2. Acrylic Melvyn Douglas





This was during a phase when I was obsessed with the idea of ‘iconicness’. And I liked Paul Newman, I think this image of old Melvyn Douglas is from Hud where he played Paul Newman’s father. He’s like a rigid plastic boulder here. But I’m just getting back into acrylics now and I see a lot of potential in their flat opaqueness, even if now I’ll be using it more in conjunction with more sophisticated mixed media techniques to bring things to life.



3. Idiot people in pink car





I think this was executed at around the time I started my degree course in 1999. I had leaving home on my mind. This was like a little private picture that was kept separate from my college nonsense. I don’t think I’d have considered it finished, then again, I wasn’t too certain what finish would entail back then. Some of these pictures are proper naïve, even though I could draw. I had lots of complex ideas about ‘expressiveness’ and how it relates to skill still to work through.

I still wouldn’t entirely ditch the idea that naivety has some virtue. Sometimes decisions about choosing ‘wrong’ lines or proportions are what makes a picture clever in its own particular way…or funny… but they ought to be well informed!

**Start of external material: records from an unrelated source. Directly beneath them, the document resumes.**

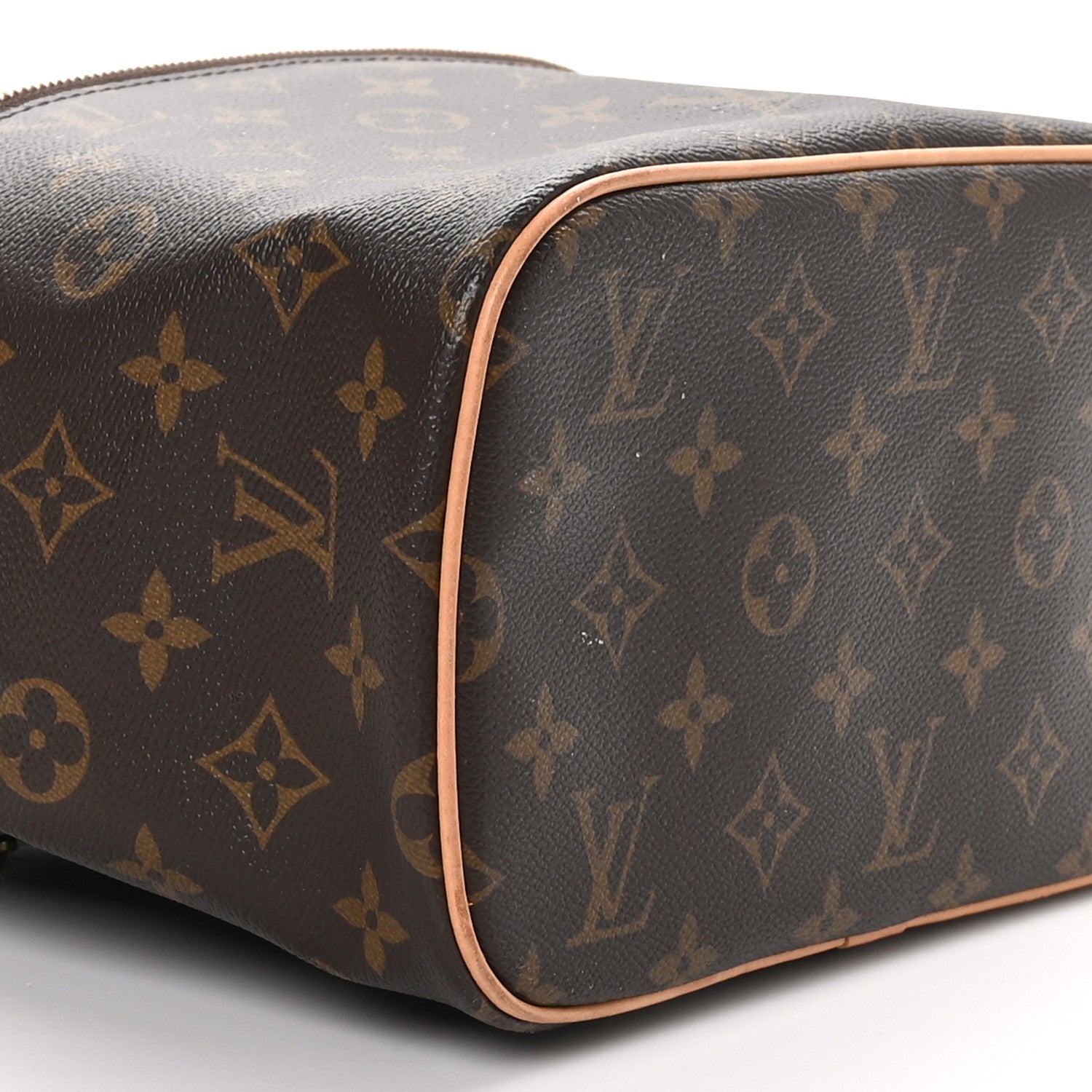 Louis Vuitton LOUIS VUITTON Monogram Nice BB 8 of 9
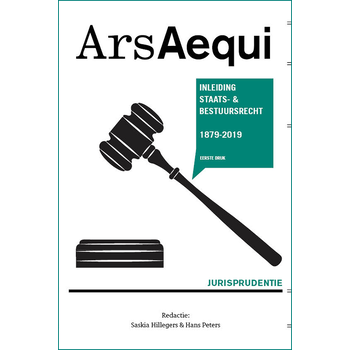 Jurisprudentie Inleiding Staats- en bestuursrecht 1879-2019 (Paperback) bij Singel 344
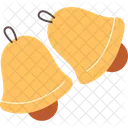 Two Golden Bells  Icon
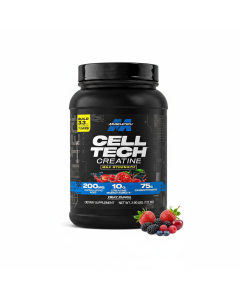 MuscleTech Cell Tech - Premium Creatine Muscle Builder, 3 lbs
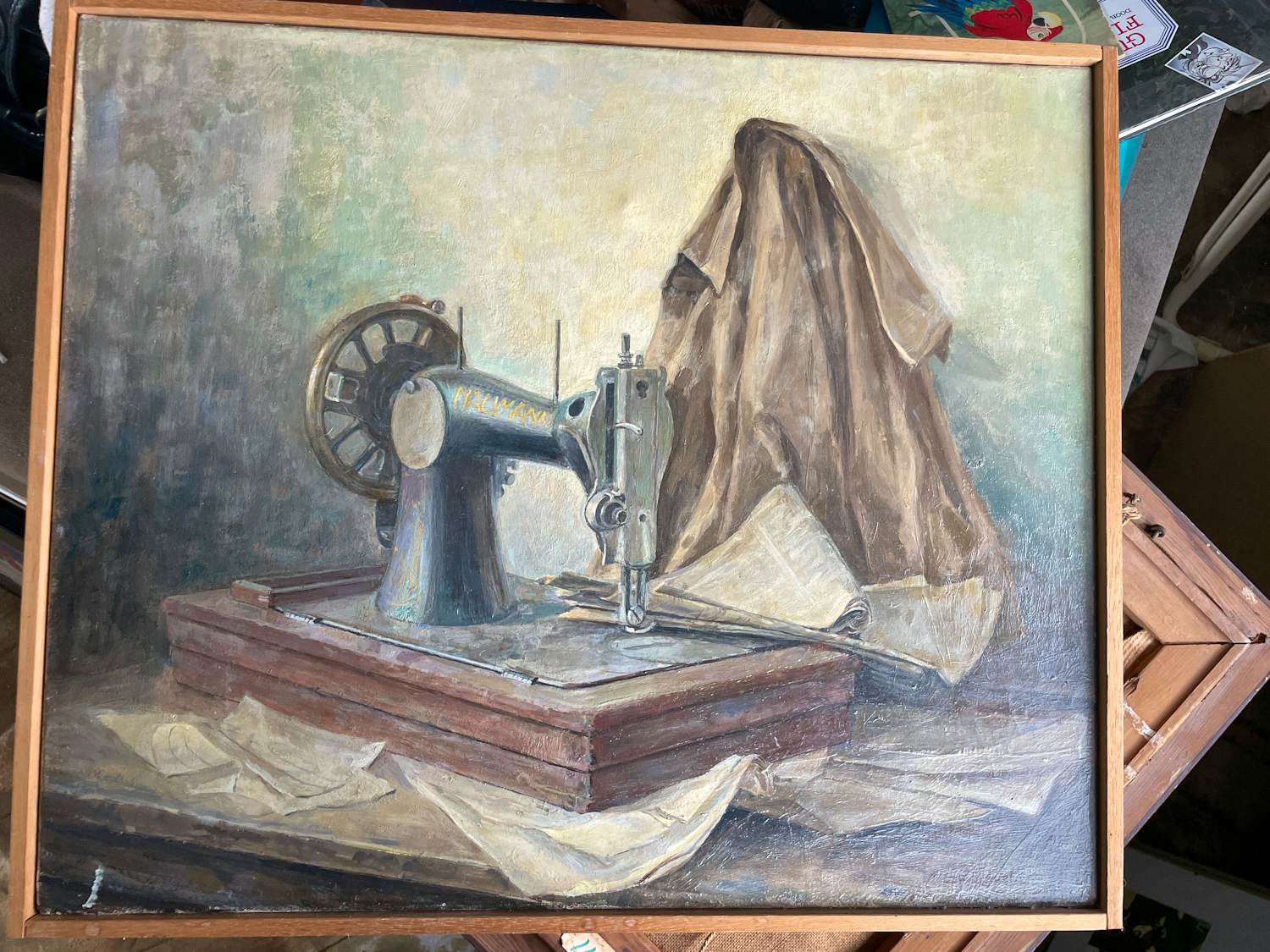 Gerard Willem van Zwieten - Naaimachine kopen? Bied vanaf 100!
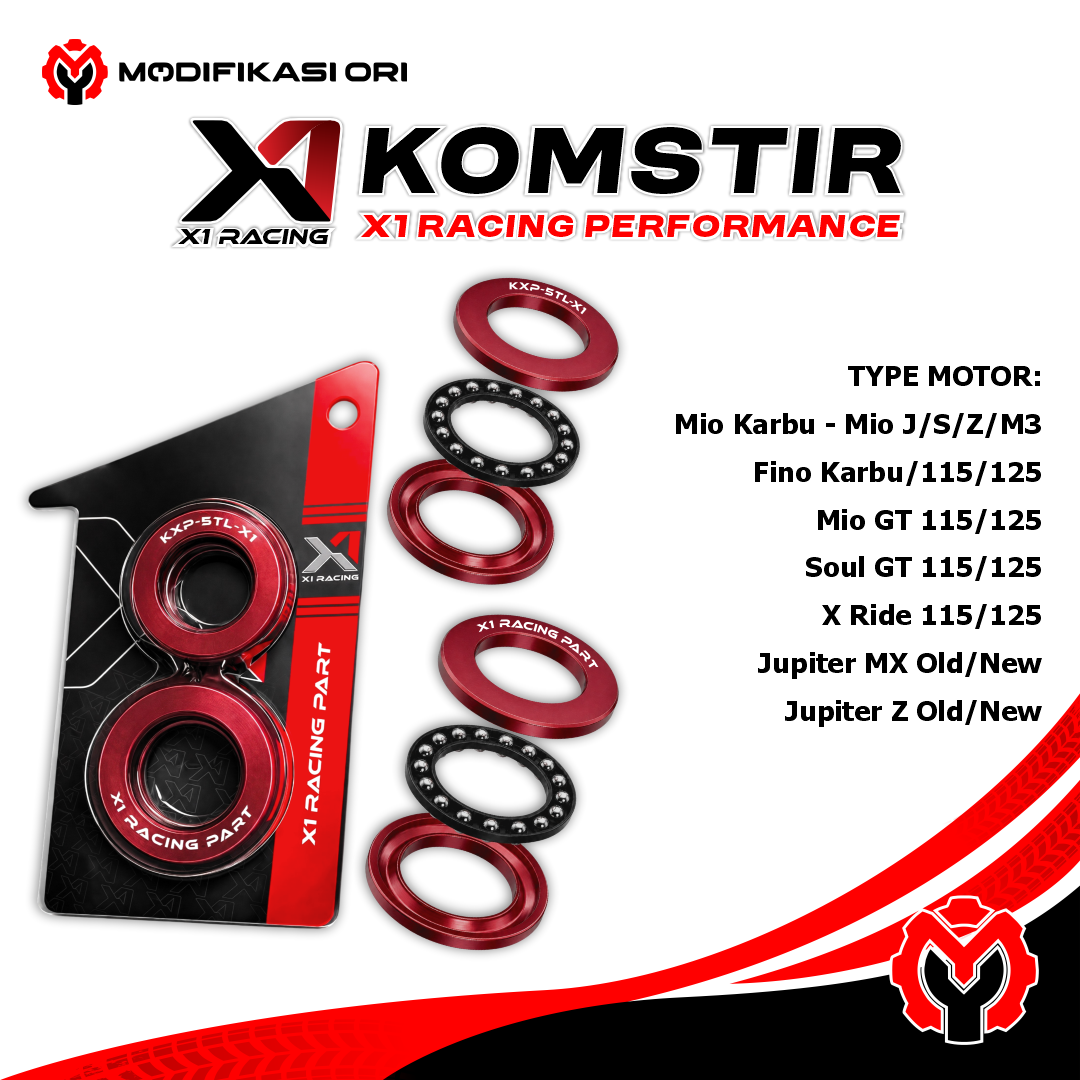 KOMSTIR 5TL MIO X1 RACING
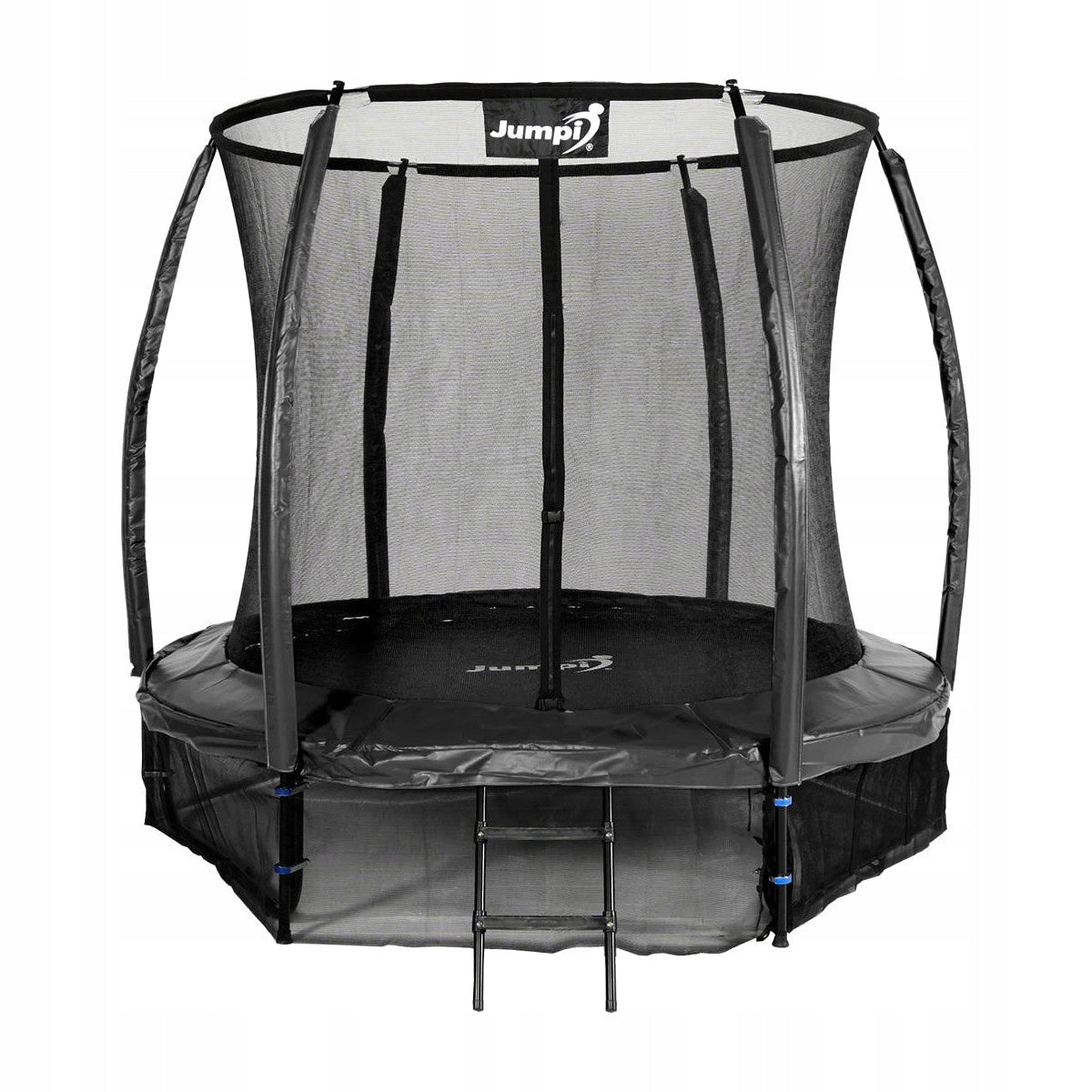 Trampoline JUMPI 10FT 312cm PREMIUM Ring Mesh Bottom Anchor Set Certificate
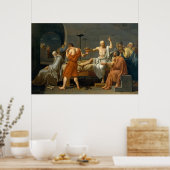 SOCRATES-dood Poster (Keuken)
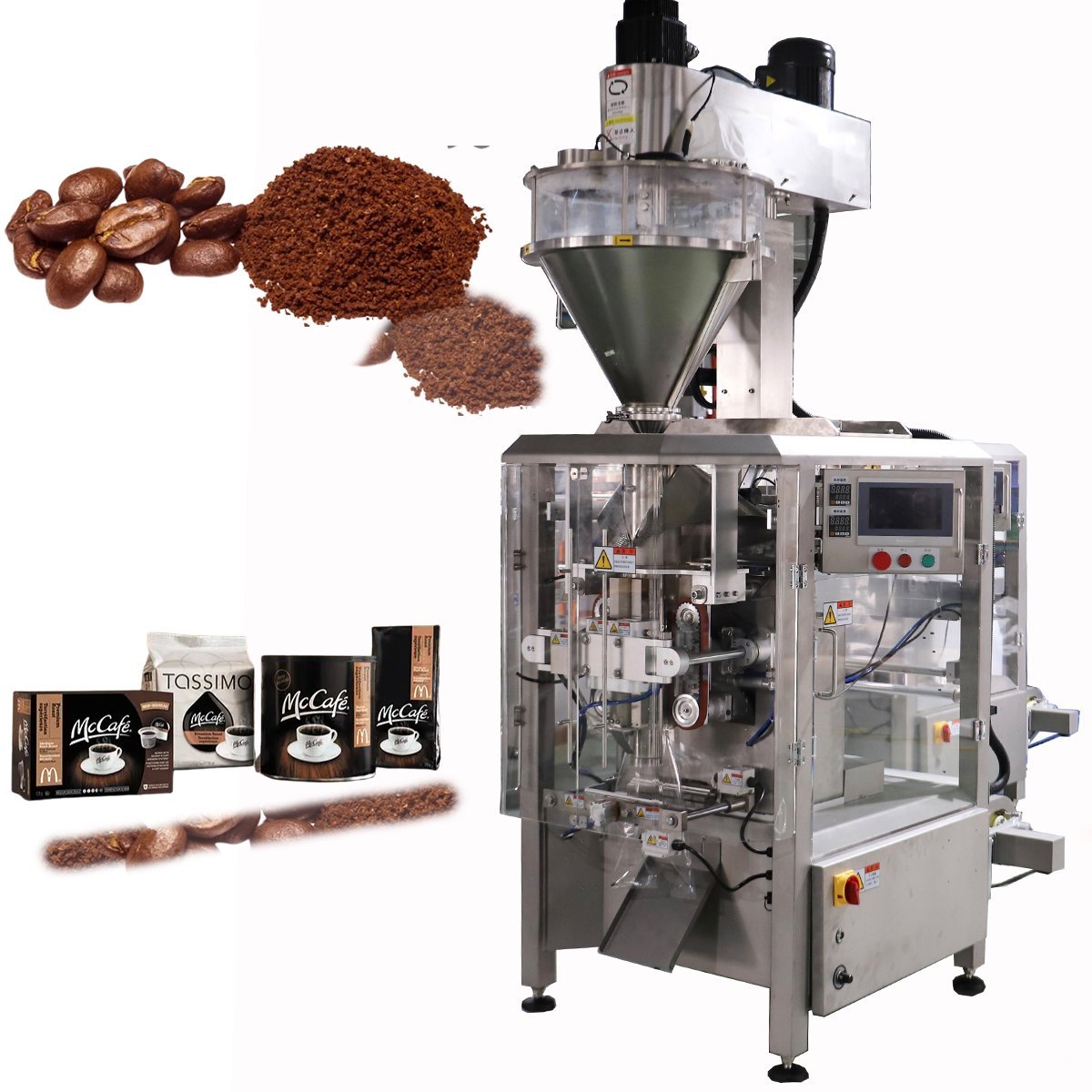 Coffee Powder Packing Machine (2)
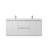 70-7/8 In. W X 19-5/8 In. D Freestanding Vanity With Resin Composite Vanity Top-112301347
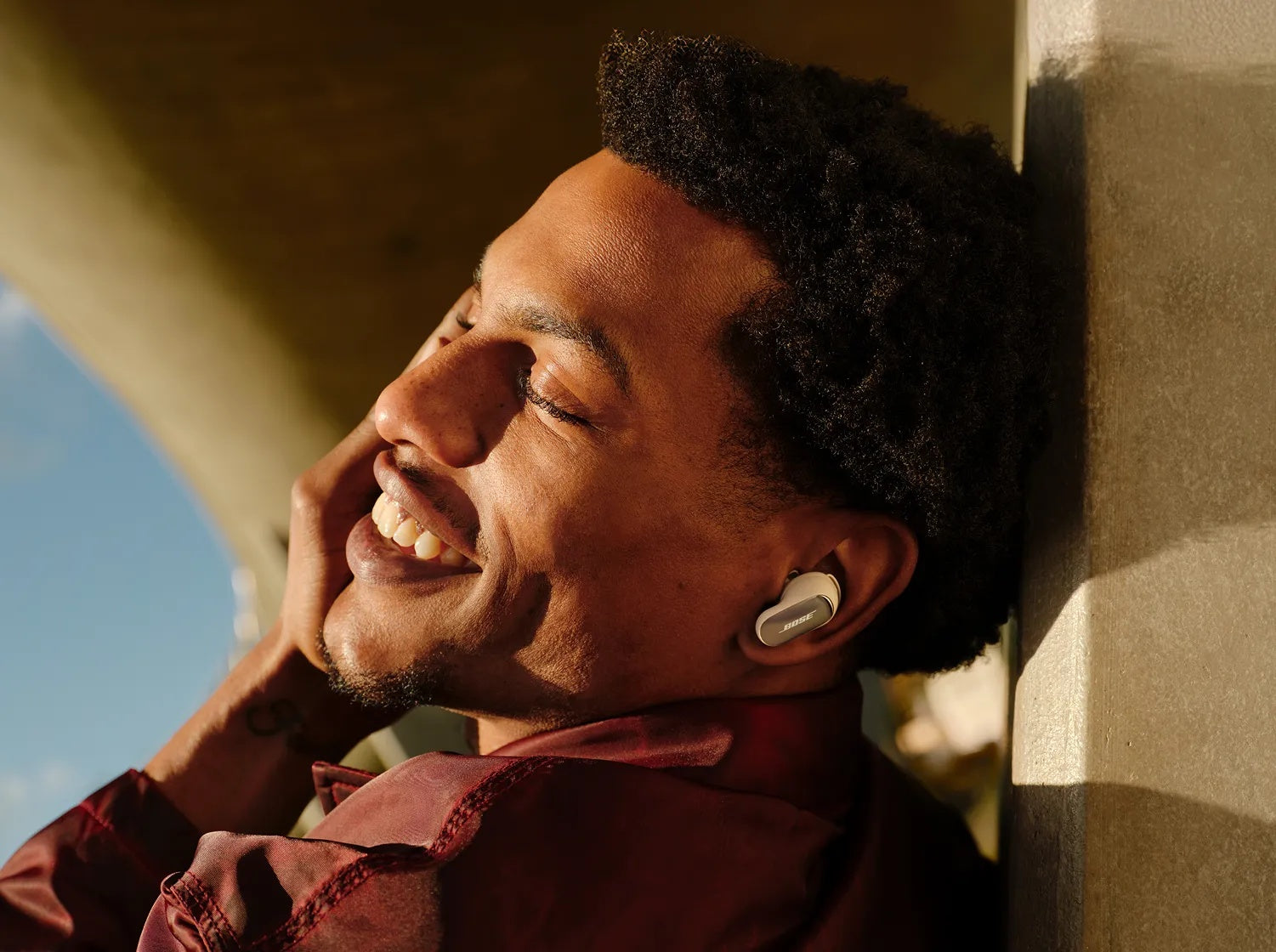 Bose QuietComfort Ultra Earbuds (2nd Gen) White Smoke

4. Geometrically peculiarly improvised landscape scene with loose limbs





Now this one was from a very strange phase in which I used to divide up the picture plane into elaborate geometrical configurations of triangles, then improvise the picture one triangle at a time. There’s always been part of me that’s drawn to methodical solutions and maths. I think it helped remove the pressure to settle on meaningful subjects.

I used to get so angry when people described my work as ‘illustrational’, usually because they meant in an art-snobby way, not because I don’t like illustration. But I was frustrated because I knew how serious I was about it, and because I knew how good I was potentially. But as long as I was at art school I found it hard to be motivated to complete anything spectacular, I was surrounded by so much irony and apathy.

5. Bimbo Potter and the not really smooth finish





Now the character in this is sort of a straight cross between Bimbo from the Fleischer Betty Boop cartoons, and Harry Potter. I can’t remember why, I was just mucking about. The scene is basically stolen from Bimbo’s Initiation. I guess the irony had got to me and I was experimenting with very flat ways to work with colour, and doing little test card squares was always fun and a little pointless acknowledgement of colour field painting or something.

There was a time when I veered towards a more smooth, shiny and meticulously designed kind of painting, a little bit like what Inka Essenhigh
has done, but then I found the Beach Boys and my soul came back into play.

I never meant the smooth characterless surfaces enough to do them properly.

But now it’s time to mix up soul and meticulousness. None of this is irrelevant, as material to learn from.

I will return with more drawings, new ones. I hope they'll be plenty alive and soulful once they're done.